Was the disease aggravated by an acute stressful event?

  1. Mr Catsanos submitted that the Arbitrator’s Reasons fall short of expressing a conclusion as to whether the deceased was in fact feeling particularly stressed on the day of her death and did not engage in any consideration of whether that would constitute “unusual stress” as discussed by Dr Brender. He submitted that the Arbitrator did not come to a conclusion that stress on the particular morning was a contributing factor. Alternatively if she did, she did not explain it and it was flawed on the evidence. I reject that submission.

  2. At the oral hearing of the appeal, Mr Catsanos submitted that whether the deceased’s disease condition was aggravated by unusual stress on the day of her death is not a matter that is engaged on appeal because it was not the subject of a finding by the Arbitrator. The Arbitrator’s findings on this issue are recorded at [68] and [74] of her Reasons. The Arbitrator accepted Dr Brender’s evidence that an acute stressful situation on the day in question could have been a contributing factor to the cause of the deceased’s death. She also accepted that the deceased found her work environment stressful, and the evening before her death the deceased had told Mr Weismantel that she was feeling unhappy and stressed about the requirement to attend a management meeting at Yagoona the following day.

  3. The Arbitrator accepted that the evidence when taken as a whole, supported a conclusion that the deceased may well have been feeling stressed on the day in question. She also held that there was a factual foundation for Dr Brender’s opinion, that unusual stress on the day of the death may well have been the “final straw” that led to the fatal infarct. These findings were open on the evidence and disclose no error.

  4. As Mr Morgan, who appeared for Mr Christopher-Coates, submitted, the Arbitrator’s finding (at [70]), which makes reference to the combination of a sedentary lifestyle and work-related stress contributing to the fatal infarct is a finding of aggravation of the deceased’s vascular disease. I agree. It was a finding that was consistent with the evidence and open to the Arbitrator to make.
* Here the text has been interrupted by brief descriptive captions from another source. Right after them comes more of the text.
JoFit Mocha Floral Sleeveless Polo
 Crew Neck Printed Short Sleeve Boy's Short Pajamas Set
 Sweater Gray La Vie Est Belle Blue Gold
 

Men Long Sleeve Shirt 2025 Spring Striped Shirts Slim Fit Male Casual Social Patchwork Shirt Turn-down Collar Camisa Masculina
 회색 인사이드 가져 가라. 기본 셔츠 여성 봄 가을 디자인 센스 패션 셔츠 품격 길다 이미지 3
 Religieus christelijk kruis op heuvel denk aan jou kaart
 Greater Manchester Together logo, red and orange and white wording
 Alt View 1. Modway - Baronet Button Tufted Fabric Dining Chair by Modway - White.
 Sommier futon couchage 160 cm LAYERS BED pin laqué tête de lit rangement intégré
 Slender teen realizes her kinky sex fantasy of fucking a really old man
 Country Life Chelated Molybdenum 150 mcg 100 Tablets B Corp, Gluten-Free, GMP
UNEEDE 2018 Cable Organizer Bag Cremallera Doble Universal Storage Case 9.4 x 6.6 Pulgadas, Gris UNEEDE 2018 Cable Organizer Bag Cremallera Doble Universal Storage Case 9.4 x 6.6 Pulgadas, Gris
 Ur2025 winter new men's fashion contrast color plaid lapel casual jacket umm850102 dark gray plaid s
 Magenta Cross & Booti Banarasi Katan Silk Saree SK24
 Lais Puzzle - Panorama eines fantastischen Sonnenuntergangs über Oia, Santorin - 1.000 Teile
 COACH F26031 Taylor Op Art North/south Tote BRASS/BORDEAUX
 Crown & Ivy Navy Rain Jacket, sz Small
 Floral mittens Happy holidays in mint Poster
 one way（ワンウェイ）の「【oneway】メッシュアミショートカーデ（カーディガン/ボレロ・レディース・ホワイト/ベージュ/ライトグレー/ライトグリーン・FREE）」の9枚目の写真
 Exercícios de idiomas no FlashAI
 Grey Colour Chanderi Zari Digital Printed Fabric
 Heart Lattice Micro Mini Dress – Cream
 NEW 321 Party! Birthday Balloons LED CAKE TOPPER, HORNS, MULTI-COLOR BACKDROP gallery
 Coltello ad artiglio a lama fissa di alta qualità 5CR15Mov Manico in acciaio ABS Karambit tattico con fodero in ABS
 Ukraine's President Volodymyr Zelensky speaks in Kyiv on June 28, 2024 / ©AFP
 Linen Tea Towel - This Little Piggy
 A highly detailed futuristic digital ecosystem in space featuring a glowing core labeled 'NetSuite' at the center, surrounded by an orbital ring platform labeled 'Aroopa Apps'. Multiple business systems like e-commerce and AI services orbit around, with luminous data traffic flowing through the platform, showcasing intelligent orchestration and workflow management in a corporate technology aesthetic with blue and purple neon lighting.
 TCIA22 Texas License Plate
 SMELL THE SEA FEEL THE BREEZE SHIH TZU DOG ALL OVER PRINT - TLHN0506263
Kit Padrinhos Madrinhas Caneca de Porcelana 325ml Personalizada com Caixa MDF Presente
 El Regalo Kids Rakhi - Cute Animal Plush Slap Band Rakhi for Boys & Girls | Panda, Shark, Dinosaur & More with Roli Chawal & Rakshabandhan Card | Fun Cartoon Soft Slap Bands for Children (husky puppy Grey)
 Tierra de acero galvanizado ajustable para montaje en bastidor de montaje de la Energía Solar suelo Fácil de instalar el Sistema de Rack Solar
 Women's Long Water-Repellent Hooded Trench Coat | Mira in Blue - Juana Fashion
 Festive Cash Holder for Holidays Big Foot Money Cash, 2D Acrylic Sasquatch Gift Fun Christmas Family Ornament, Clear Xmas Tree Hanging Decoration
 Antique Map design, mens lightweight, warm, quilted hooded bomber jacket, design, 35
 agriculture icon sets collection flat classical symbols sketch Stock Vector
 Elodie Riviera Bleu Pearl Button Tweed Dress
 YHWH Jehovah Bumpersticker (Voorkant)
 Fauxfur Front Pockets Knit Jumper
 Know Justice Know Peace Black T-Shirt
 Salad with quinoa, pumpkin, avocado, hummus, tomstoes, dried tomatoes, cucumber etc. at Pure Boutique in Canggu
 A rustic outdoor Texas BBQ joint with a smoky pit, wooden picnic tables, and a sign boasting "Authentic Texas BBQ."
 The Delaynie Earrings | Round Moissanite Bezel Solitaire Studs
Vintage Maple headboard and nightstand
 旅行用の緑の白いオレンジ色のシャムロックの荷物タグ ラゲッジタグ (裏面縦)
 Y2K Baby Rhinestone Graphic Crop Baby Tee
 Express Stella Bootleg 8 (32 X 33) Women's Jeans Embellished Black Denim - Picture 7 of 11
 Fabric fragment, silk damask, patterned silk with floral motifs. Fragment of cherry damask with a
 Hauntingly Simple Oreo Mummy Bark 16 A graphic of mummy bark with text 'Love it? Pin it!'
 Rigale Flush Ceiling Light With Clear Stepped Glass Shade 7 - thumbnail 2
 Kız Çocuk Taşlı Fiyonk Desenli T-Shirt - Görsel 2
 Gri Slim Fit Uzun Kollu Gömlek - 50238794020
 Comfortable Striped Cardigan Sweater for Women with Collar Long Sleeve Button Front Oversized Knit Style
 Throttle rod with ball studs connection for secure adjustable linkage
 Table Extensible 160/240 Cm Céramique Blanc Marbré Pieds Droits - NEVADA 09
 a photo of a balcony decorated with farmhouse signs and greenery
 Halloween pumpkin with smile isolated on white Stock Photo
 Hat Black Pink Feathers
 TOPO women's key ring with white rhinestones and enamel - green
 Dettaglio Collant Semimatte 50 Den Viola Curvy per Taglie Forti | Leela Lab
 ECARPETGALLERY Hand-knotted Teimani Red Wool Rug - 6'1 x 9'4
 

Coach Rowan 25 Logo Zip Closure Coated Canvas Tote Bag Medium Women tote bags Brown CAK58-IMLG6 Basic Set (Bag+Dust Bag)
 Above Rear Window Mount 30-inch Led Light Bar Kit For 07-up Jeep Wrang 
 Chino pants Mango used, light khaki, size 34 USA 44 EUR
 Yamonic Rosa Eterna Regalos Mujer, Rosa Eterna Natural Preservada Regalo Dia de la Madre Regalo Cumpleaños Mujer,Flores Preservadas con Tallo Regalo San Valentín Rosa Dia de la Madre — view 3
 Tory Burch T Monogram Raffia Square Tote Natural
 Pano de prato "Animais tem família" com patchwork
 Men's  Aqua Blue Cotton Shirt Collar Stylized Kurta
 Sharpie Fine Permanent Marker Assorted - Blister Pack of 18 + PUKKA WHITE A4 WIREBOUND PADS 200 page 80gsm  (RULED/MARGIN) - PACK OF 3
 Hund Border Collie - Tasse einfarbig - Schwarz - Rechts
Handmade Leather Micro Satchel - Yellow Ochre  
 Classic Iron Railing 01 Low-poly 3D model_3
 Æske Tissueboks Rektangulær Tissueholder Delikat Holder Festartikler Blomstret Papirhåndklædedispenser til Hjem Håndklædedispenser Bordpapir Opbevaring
  5. The Arbitrator’s findings at [74] are more emphatic. She found that there was an unbroken and immediate chain of causation between “these events”. Although the Arbitrator did not state what these events were, reading the decision fairly, and as a whole (Beale v Government Insurance Office (NSW) (1997) 48 NSWLR 430), it is clear that the Arbitrator’s reference to an unbroken and immediate chain of causation “between these events” was a reference to the unbroken and immediate connection between the deceased’s extremely stressful work, both on the day of her death and leading up to that day, and the acute myocardial infarction that occurred on 16 April 2009, which resulted in death. Thus, she was satisfied that the relevant causal connection existed between the employment and the injury, that is, between the employment and the aggravation of the coronary artery disease. Bearing in mind that Dr Brender was the only expert to give evidence, that finding was open on the evidence and, for the reasons more fully explained below, I agree with the Arbitrator’s conclusion.

  6. If, contrary to my finding, the Arbitrator failed to determine the issue of aggravation by reason of an acute stressful event, both parties consented to me re-determining that issue (T80.43). If I was to re-determine the issue I would reach the same conclusion as the Arbitrator for the following reasons.

  7. Mr Weismantel’s unchallenged evidence is that the deceased told him the evening before her death that she was feeling very unhappy and stressed about having to go to a meeting at Yagoona the following morning. The deceased had told him in the past that she did not agree with many of the decisions that were made at these area managers’ meetings. In the past her requests for additional staff and resources had been refused. He said the deceased told him she felt frustrated and powerless regarding the decisions made at these meetings and found the meetings unpleasant and stressful. I accept that unchallenged evidence.

  8. Mr Weismantel also said that in the two weeks leading up to the deceased’s death he noticed the deceased on three occasions appearing to be in extreme pain. The deceased told him that she was experiencing a pain in her chest and her arm and he observed that she was sweating. I also accept that evidence. Dr Brender said that, although it could not be proven, those symptoms may well have been symptoms of angina. Scientific proof is not required, only proof on the balance of probabilities. Given the obvious distress the deceased was experiencing in the lead up to attending the management meeting, I find that it is more probable than not that the symptoms described by Mr Weismantal were symptoms of angina or as Dr Brender described it “a flair up of ischaemic heart disease”.       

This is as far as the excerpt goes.